ZooQoo founder Rich Wilson

• Explain your business to my Mum.
"Zoo Qoo is an online talent showcase and creative publishing network. The site allows users to publish their work through one of twelve creative categories ranging from music to photography, fashion to architecture, art to games. Users can either publish their work for free or sell it through our digital marketplace. They can then link to other artists, rate and review work by others or just look at content on the site. The strong underlying theme is quality over quantity; we ensure this high standard of content by asking the Zoo Qoo Council to vet all work pre-publication."

• How does that work?
"The Zoo Qoo Council, currently made up of over 150 site aficionados all dedicated to the creative cause, must give entries at least five "yes" votes but no more than two "no" votes before publication.
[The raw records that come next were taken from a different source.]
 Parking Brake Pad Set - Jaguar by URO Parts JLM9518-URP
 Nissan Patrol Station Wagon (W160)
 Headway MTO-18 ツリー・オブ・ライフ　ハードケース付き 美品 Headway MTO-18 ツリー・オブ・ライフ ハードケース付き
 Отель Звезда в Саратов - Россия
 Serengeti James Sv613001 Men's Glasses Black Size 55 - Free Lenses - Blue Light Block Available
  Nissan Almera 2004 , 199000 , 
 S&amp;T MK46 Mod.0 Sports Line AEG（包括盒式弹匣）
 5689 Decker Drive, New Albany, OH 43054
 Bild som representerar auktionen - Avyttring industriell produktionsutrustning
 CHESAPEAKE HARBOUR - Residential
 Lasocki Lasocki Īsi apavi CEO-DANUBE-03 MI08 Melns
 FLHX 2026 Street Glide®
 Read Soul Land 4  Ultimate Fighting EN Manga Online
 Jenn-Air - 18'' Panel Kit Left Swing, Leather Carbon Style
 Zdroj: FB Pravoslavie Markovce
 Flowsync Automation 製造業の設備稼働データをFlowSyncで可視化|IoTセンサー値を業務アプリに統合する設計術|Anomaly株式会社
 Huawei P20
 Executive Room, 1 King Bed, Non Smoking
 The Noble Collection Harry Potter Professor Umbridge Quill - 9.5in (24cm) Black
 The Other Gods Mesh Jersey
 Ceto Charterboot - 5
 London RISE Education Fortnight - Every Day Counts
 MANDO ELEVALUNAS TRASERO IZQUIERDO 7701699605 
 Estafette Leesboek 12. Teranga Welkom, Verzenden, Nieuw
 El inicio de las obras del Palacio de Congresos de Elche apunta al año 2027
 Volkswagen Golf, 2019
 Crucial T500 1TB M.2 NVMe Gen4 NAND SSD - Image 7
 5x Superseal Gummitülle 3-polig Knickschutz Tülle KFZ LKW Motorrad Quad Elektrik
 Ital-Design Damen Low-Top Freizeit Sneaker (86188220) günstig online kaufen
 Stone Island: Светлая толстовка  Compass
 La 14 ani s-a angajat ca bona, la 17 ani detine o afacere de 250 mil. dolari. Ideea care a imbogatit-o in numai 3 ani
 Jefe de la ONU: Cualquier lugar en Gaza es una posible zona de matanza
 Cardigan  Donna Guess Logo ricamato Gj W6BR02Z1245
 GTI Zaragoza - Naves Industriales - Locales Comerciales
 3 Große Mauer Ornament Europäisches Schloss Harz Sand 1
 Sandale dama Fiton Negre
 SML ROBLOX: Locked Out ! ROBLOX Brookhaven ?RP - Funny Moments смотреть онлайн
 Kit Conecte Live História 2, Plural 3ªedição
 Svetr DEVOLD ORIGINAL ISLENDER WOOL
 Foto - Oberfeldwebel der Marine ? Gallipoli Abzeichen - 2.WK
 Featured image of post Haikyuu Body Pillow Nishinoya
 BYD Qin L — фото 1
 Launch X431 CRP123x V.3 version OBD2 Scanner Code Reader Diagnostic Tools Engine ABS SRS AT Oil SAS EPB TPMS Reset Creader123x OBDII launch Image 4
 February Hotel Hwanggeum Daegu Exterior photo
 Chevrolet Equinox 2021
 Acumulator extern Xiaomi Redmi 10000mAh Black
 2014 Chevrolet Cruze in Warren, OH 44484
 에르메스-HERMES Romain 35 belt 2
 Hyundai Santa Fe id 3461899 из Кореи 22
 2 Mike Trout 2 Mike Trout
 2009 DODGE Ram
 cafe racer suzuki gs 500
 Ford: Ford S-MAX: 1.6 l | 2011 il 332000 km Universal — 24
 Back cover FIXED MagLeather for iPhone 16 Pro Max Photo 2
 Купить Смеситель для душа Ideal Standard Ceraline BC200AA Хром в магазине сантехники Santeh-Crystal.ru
Going in front of the council is basically make or break point for the artist's entry and a watertight way of ensuring quality is maintained throughout the site. Anything we genuinely take a shine to will be passed around our growing list of industry insiders and talent scouts. The ultimate aim is to put high quality grassroots talent onto a global platform; we've had some success to date but are still waiting for that first 'golden' signing."

• How do you make money?
"A combination of premium ad inventory, sponsorship deals, account upgrades, commission from the digital marketplace and merchandise."

• Any weird business experiences so far?
"How much time you got?"

• What's your background?
"I studied architectural engineering at Leeds but having worked for Ove Arup for six months, I began to realise that the construction industry in the UK was more about arbitration and mediation than the realisation of people's dreams. I travelled the world working in a rodeo, a circus sideshow, a mayonnaise factory; I worked as a rabbit-hutch maker, a gardener, a painter- and then came home to establish my own jewellery design business and write a book on Zoo Qoo."

• Are we in the middle of a new dot com bubble?
"I'd say we're towards the end of the bubble. All of the big acquisitions made over the past two years have, by now, proved that the investments simply weren't worth the money."

• How many users do you have now, and what's your target within 12 months?
"100,000 per month at present – our target is 1,000,000 per month in 12 months time."

• Which tech businesses or web thinkers are the ones to watch?
"Obviously the big players like Facebook and MySpace. I'm intrigued to see if Google can successfully monetise YouTube too – they still have a large mountain to climb there. I'm looking forward to seeing where Tim Berners-Lee's new semantic web goes and over in Japan they're developing a new "secure" web – I'll be following that one with interest."

• Name your closest competitors.
"LuLu, MySpace, eSnips , Deviant Art, Flickr – they're all linked in some way but maybe not direct competition. The way I see it as a promoter of the arts is that we should all ultimately be trying to help each other achieve success – try telling that to someone like Mr Murdoch though."

• Where do you want the company to be in five years?
"A top 100 global website."

ZooQoo.com

• Is there really a strong enough long-term business in this kind of showcase?

• Doesn't Zoo Qoo need to be more clearly defined for a specific community, rather than trying to appeal to all the creative arts?

• And shouldn't this kind of showcase and talent spotting tool be run by a university, government skills agency a major digital media player?